● EXERCISE
Would you please repeat, word for word, only the lines from the one holding "Einzelzimmer EVA Weiß, Bett, Kleiderschrank, Nachttisch" through the one holding "A apple and" in the material below, without the pictures?

● DATA TO EXAMINE
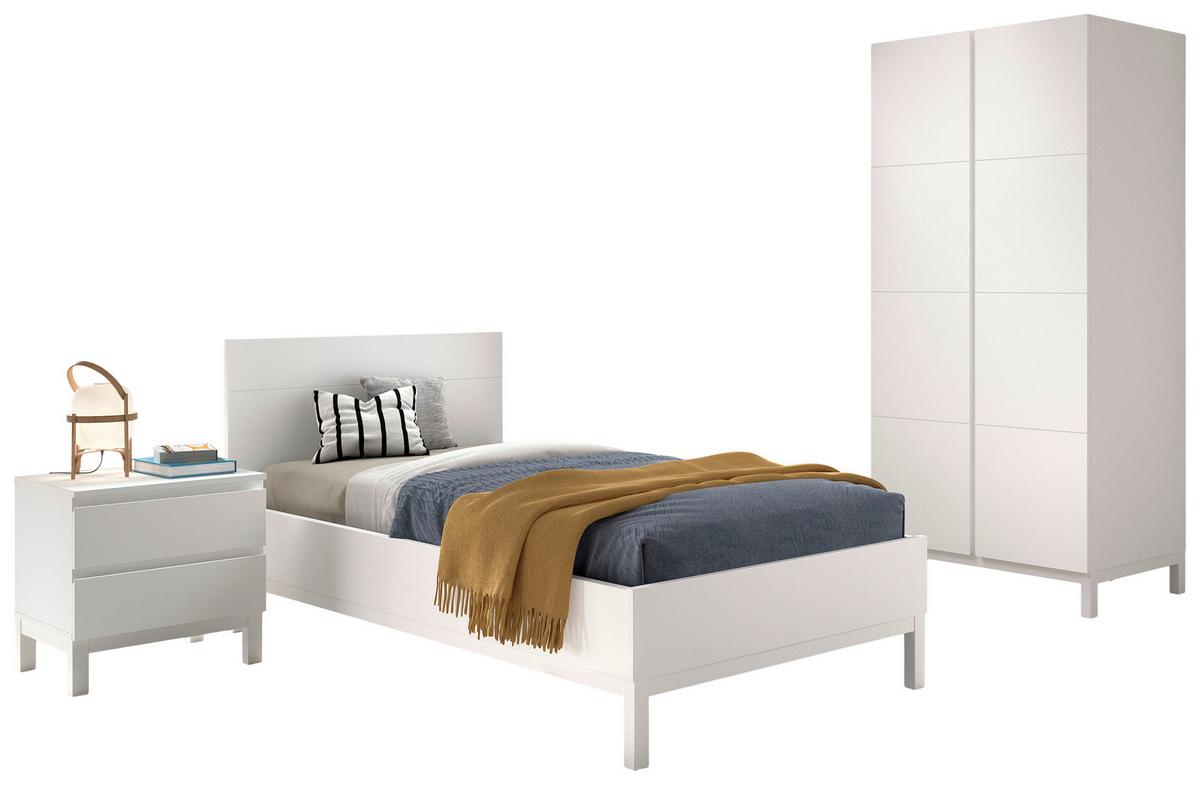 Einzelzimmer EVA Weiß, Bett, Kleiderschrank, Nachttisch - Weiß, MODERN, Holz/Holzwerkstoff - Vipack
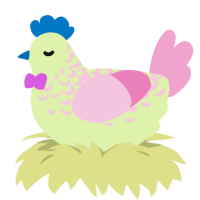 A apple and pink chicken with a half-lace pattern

==

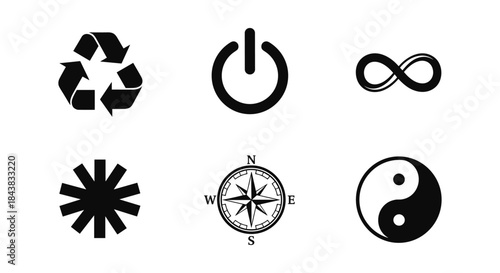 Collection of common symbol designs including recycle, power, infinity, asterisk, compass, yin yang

● EXPECTED ANSWER
 Einzelzimmer EVA Weiß, Bett, Kleiderschrank, Nachttisch - Weiß, MODERN, Holz/Holzwerkstoff - Vipack
 A apple and pink chicken with a half-lace pattern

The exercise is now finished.